Work instructions
Line by line, output everything from the one that contains "Fender Player Stratocaster" through the end of the material below, exactly as written and with no pictures.

Dataset extract
=======

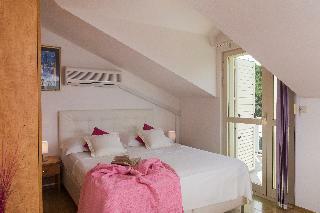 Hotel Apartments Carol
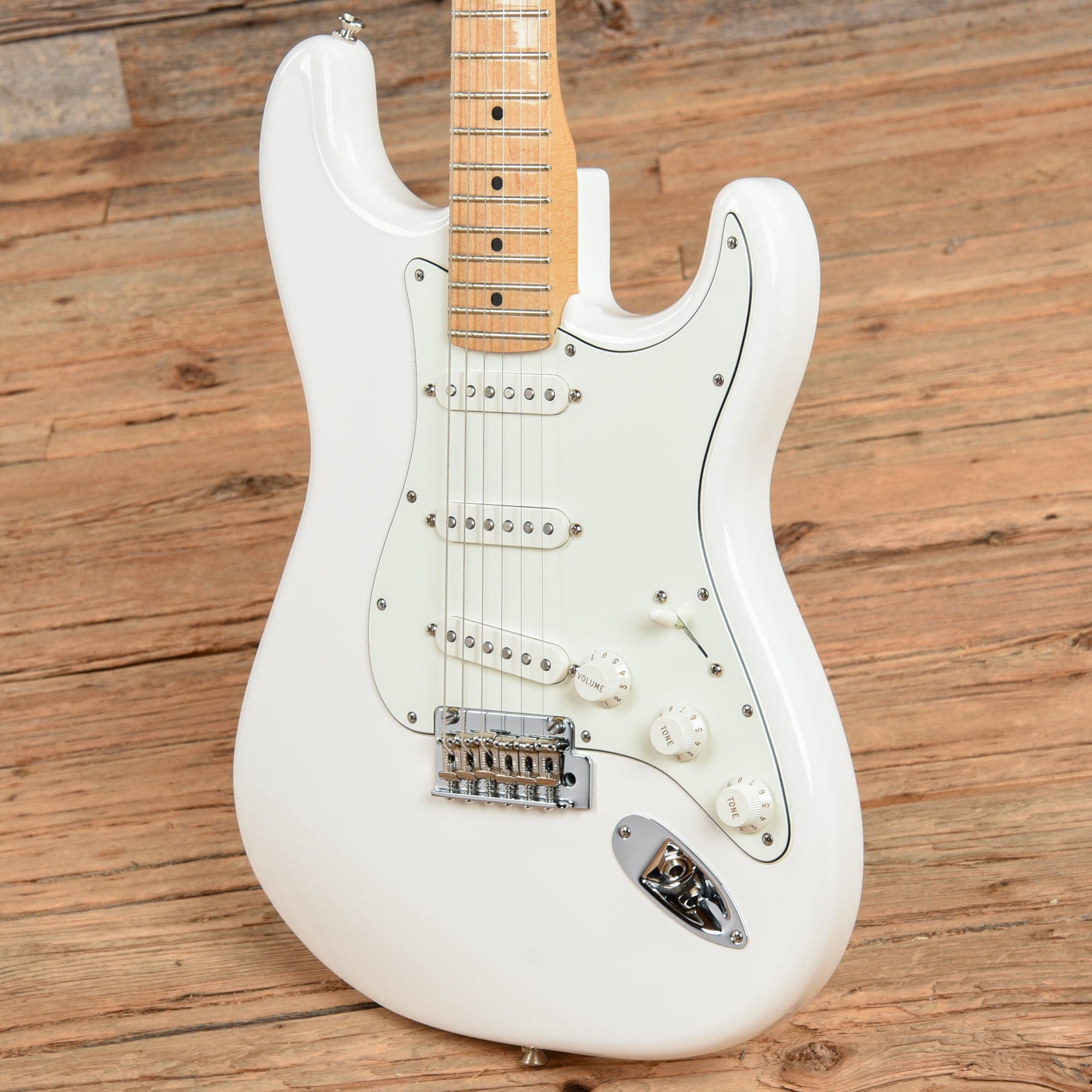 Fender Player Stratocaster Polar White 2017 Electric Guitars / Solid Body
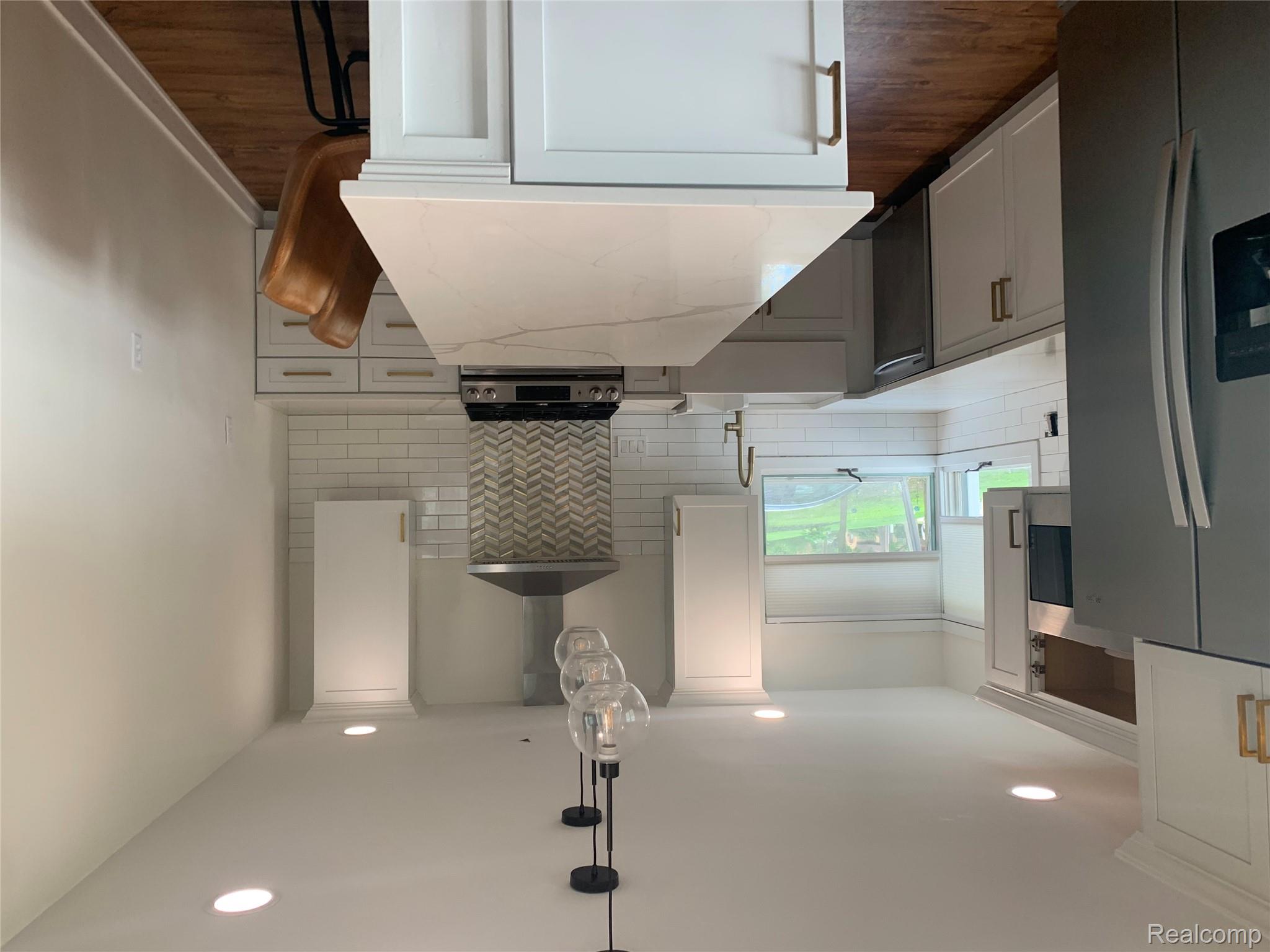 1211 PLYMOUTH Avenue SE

=======

Reply
 Fender Player Stratocaster Polar White 2017 Electric Guitars / Solid Body
 1211 PLYMOUTH Avenue SE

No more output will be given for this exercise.